Unwin thought it over and was sickened when he saw how it fit together. The phony mummy, Colonel Baker alive and well—Hoffmann and Arthur must have orchestrated each of those cases in advance. Hoffmann kept the priceless trophy he wanted, kept Colonel Baker’s inheritance as well. And the Agency had its star detective and its front-page stories. Sivart had been tricked every time, and Unwin along with him—the whole city, too.
“I had to come clean with you, Ed. Had to let you know how it was.”
Lamech touched his own throat. He danced his fingers around his collar, grasping for something he could not get hold of. He was fighting the hands of a ghost. Unwin thought he could feel them, too.
“Could be something,” Lamech said, gasping.
Arthur was calm as he watched the man opposite him. “Something you haven’t told me yet? Something I need to know that I don’t know already? Probably not, Ed. I’m the overseer. I’m the man who sees too much.”
But there was something, Unwin knew. Penelope. Her existence was the thing Miss Greenwood was fighting to keep hidden from Arthur, and the fight had exhausted her. Would Lamech trade what he knew for his life?
“You were supposed to watch him,” Arthur went on. “That was your job, Ed. But this isn’t happening because you failed. It’s happening because you’ve done so well.”
Unwin went to Lamech, tried to feel for the hands that were choking him. His fingers blurred with the watcher’s, passing through them as though through a mist. Unwin was seized by cold panic. He screamed and grabbed at the air, punched at it.

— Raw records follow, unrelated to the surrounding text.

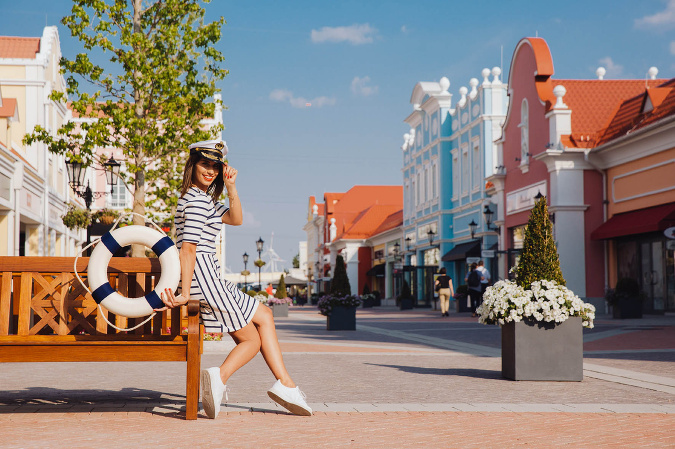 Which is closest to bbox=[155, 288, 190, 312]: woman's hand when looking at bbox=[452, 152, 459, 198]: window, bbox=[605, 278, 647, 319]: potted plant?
bbox=[605, 278, 647, 319]: potted plant

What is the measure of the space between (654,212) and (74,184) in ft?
49.1

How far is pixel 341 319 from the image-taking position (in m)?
19.8

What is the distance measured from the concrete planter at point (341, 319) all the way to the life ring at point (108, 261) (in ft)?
47.0

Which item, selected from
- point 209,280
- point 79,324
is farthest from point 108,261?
point 79,324

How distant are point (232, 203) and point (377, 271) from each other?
5308 cm

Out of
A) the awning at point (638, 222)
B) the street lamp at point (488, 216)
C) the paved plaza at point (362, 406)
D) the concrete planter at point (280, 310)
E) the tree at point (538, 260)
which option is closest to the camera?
the paved plaza at point (362, 406)

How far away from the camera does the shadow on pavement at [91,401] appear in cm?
611

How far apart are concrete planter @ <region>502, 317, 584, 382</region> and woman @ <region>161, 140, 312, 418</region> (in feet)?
10.8

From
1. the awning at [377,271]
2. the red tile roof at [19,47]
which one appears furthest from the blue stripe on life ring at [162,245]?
the awning at [377,271]

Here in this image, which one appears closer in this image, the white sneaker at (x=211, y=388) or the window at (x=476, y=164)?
the white sneaker at (x=211, y=388)

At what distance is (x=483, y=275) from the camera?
26719mm

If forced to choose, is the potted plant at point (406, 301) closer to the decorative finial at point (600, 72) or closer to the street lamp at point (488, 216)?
the street lamp at point (488, 216)

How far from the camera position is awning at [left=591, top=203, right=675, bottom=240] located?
21469 mm

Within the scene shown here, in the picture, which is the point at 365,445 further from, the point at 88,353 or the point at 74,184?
the point at 74,184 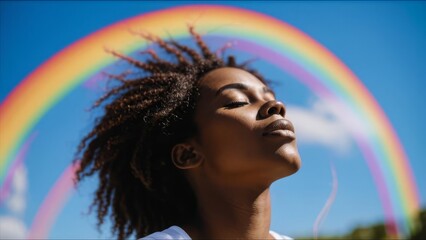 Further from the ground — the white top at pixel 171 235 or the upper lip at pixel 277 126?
the upper lip at pixel 277 126

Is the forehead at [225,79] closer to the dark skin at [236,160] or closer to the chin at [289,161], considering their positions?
the dark skin at [236,160]

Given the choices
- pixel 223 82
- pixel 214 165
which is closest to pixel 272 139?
pixel 214 165

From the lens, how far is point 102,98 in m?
3.94

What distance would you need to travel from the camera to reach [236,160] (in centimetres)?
279

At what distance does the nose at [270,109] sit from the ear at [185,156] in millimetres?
578

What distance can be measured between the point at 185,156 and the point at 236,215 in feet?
2.02

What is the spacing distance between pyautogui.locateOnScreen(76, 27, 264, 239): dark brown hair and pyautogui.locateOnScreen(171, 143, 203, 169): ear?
9cm

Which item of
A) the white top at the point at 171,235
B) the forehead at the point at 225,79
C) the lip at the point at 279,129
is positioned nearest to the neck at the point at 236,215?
the white top at the point at 171,235

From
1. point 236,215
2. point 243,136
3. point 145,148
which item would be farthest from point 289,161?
point 145,148

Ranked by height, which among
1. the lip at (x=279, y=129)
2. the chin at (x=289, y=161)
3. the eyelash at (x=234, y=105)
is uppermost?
the eyelash at (x=234, y=105)

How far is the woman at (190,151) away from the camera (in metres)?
2.80

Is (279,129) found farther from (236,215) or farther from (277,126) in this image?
(236,215)

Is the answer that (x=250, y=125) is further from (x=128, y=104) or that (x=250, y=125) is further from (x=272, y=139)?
(x=128, y=104)

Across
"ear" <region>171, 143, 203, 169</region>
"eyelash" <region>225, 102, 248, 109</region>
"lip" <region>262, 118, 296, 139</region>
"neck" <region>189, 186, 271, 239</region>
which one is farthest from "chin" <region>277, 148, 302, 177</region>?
"ear" <region>171, 143, 203, 169</region> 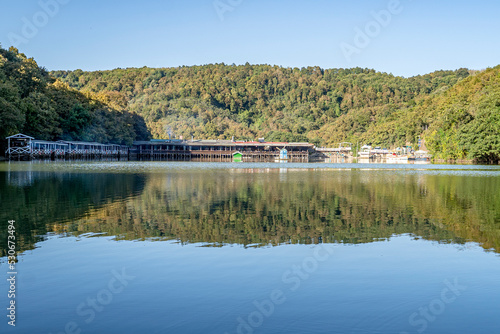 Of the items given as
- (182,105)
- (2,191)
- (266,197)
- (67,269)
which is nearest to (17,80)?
(2,191)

“I just have to clean your office,” Arthur said. “Tidy up a little.”
Unwin closed his dreaming eyes, but he could not occlude the vision of the man thrashing where he sat. The dream insisted. In the watcher’s office on the thirty-sixth floor, Lamech had died as he died here. His convulsions formed a weird geometry amid the fluttering papers. The pigeons were mesmerized.
Lamech was still trying to speak, but Arthur had begun sorting papers again. Unwin’s senses went gray as the watcher’s body stilled.
He felt himself lifted from the bed, felt the blanket falling off his body. He tried to catch it, but something snatched him upward and away. The earphones landed on the pillow. He saw below him a great lavender dress and knew he lay in the arms of Miss Palsgrave. She cradled him like a child while she slipped his shoes onto his feet. Her breath was warm on his forehead. She put the record back in his briefcase and gave it to him; his arms were shaking as he took it.
At the far end of the archive, near the place where Unwin had entered, a pair of flashlight beams swept through the dark, casting broad ovals of light over the floor. Miss Palsgrave sighed to herself when she saw them, then tapped Unwin’s hat back onto his head. She started walking. Underclerks slept undisturbed all around them.